During the homily, the bishop also explained the symbols on his vestments.

“This is a St. Peter and St. Paul vestment. Notice the key. The key is always a sign or symbol of St. Peter. Have you ever seen pictures of St. Peter in churches, a statue or a painting? He’s always holding keys. Jesus said to him, as we heard in the Gospel, ‘I will give you the keys of the Kingdom of Heaven.’ Jesus made Simon the head of his Church. He changed his name to ‘rock.’ ‘Peter’ means ‘rock.’”

He said there are several reasons why the sword on his vestment is a symbol of the martyr St. Paul.

“First of all, because St. Paul wrote that the word of God is like a two-edged sword.

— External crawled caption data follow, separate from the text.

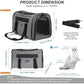 Foldable SoftSided Pet Carrier for Cats and Small Dogs Up to 20 Lbs with 4 Ventilated Windows EscapeProof Design Airline Approv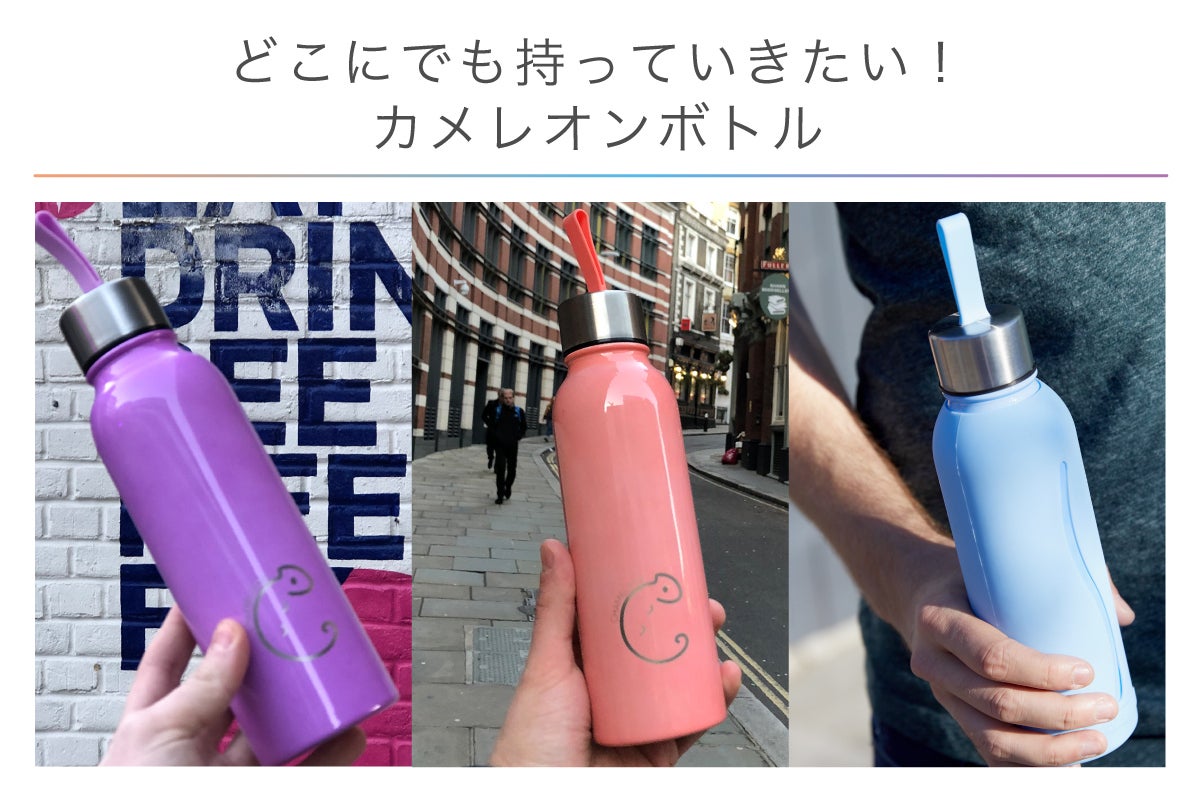 冷たい水を入れると色が変わる！イギリス発！楽しく水分補給できる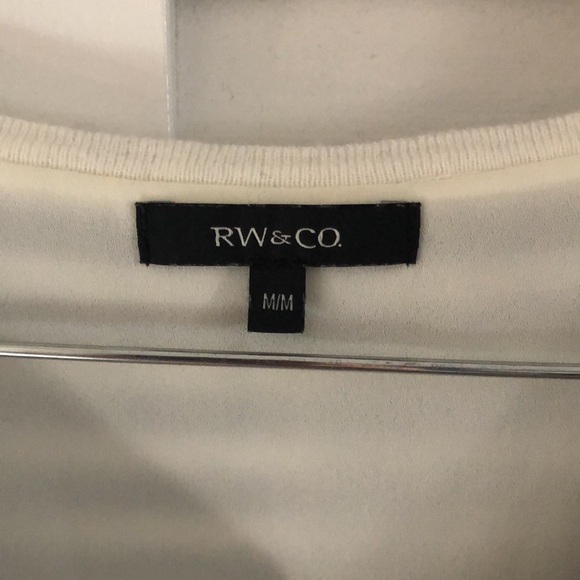 RW&Co navy and white sweater - Picture 2 of 4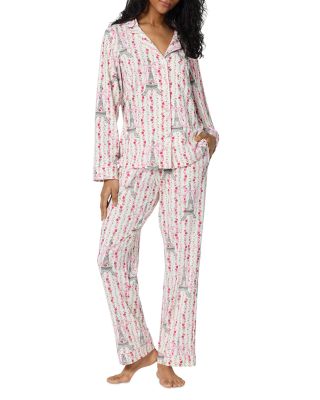 Bedhead Pajamas Minuet Toile Long Sleeve Classic Stretch Jersey Pajama Set - Exclusive
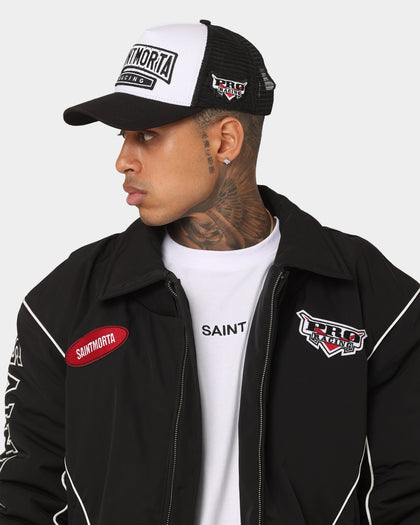 Saint Morta Pro Racing Trucker Cap Snapback Black/White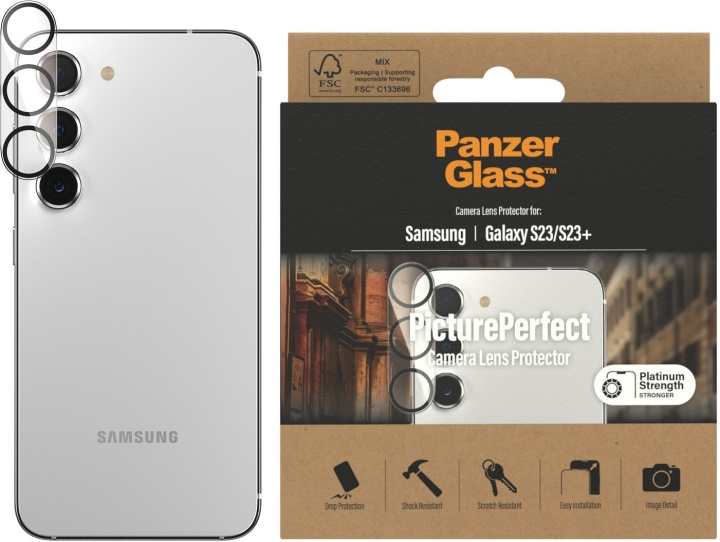 PanzerGlass PicturePerfect cover til kameralinse, Samsung Galaxy S23 / S23+ i gruppen SMARTPHONES & TABLETS / Mobil Beskyttelse / Samsung hos TP E-commerce Nordic AB (D13476)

But another reason is that he was killed — he was martyred — by a sword.”

He continued to tell the students about the first Christian martyrs. Among them was Jesus’s close friend, the Apostle James. 

“We heard in the Acts of the Apostles that Herod had James, the brother of John, killed by the sword,” explained the bishop. “And then, he had Peter arrested and put in prison. He put a lot of guards there to make sure Peter wouldn’t escape, and he put his hands in chains.”

Bishop recounted to the students how, while St. Peter awaited trial, he was rescued from prison by an angel.

Totus Tuus team member Morgan Schenkel said students’ questions about the Catholic faith were “phenomenal” during the evangelization team’s week at Immaculate Conception, St. Joseph and St. Michael parishes.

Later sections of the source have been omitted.